The 14 judges on the U.S. Court of Appeals for the Third Circuit who sat en banc to hear arguments on a school speech case demonstrated the difficulty in finding a unified answer to one of the case's central questions: whether or not the word "boobies" on a breast-cancer-awareness bracelet is sufficiently lewd to be banned from a middle school.
John Freund, representing the Easton Area School District, argued that the sexual double-entendre inherent in the phrase "I ♥ boobies," which was stamped on rubber bracelets distributed by the Keep A Breast Foundation, is distracting in a middle school setting.
"Where's the double-entendre? Boobies are breasts," said Third Circuit Judge Theodore McKee, drawing a laugh from Freund.
"I'd suggest that your chuckle is less mature than the two or three young kids here," McKee said, referring to the middle school students who brought the case after they were disciplined by school administrators for wearing the bracelets.
Their mission was to remove the stigma attached to breasts and encourage self-examination, McKee said.
After the students, represented by the American Civil Liberties Union, prevailed in the district court, the school district appealed and the first arguments were heard last April. In August, before the initial panel ever issued an opinion, the court announced it would rehear arguments en banc.
The sexual innuendo in the phrase relies on the desire for breasts, Judge D. Brooks Smith asked Freund, who agreed.
Smith then suggested that Freund is looking for the court to grant him an opinion that goes beyond the U.S. Supreme Court's two landmark opinions governing free speech in schools Tinker v. Des Moines Independent Community School District from 1969 and Bethel School District v. Fraser from 1986.
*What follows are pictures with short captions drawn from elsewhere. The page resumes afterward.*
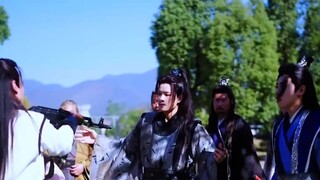 得知武林高手前来挑衅，穿越小伙二话不说就拎起了AK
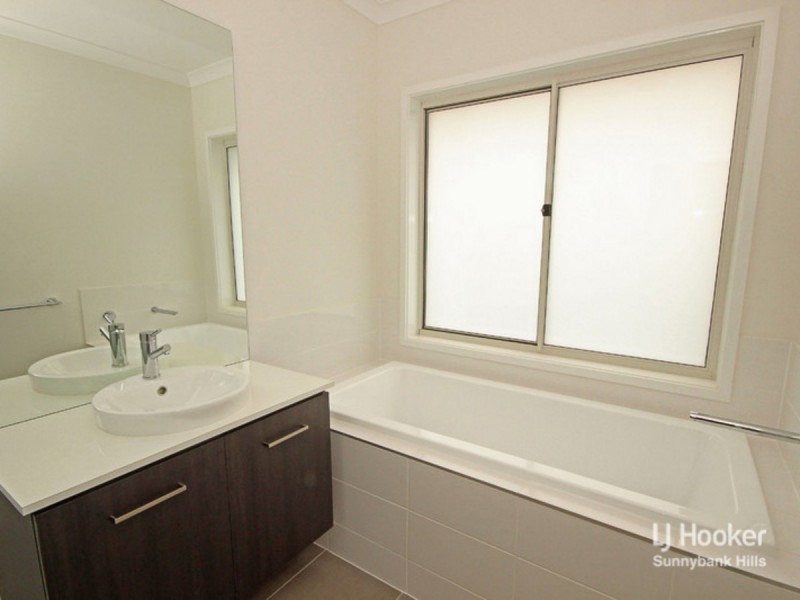 16 Parkway Street, Kuraby QLD 4112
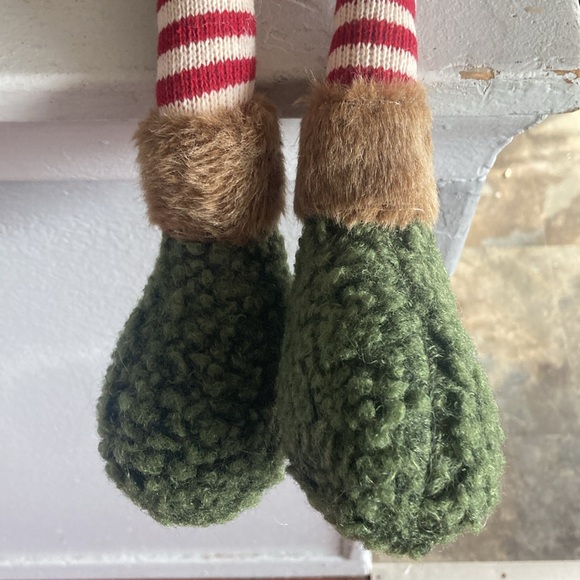 NWT-STUNNING- 31.5” Holiday Gnome Sitter Decor w/ a Wooden Joy Christmas Tree 🌲 - Picture 15 of 17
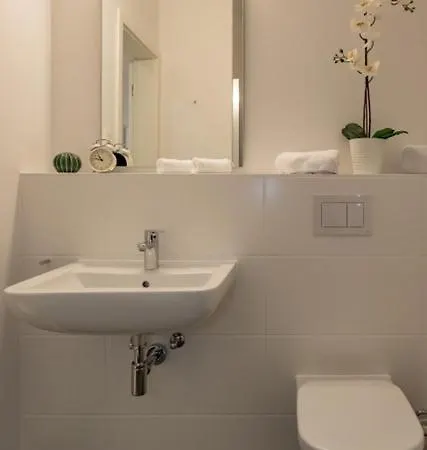 Myroom - Serviced 2* מינכן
Smith said that Freund is actually looking for an extension of Fraser, which allowed school administrators to ban language they deemed to be lewd or vulgar after a high-school student gave a speech laden with sexual innuendo. Here, the standard would move from language that is plainly indecent to language that is ambiguously indecent and would offer no refuge for speech addressing matters of public concern, Smith said.
"We believe there is a level of frank lewdness that schools can prohibit," ACLU lawyer Mary Catherine Roper told the court later, but anything as ambiguous as the bracelets at issue in this case doesn't count.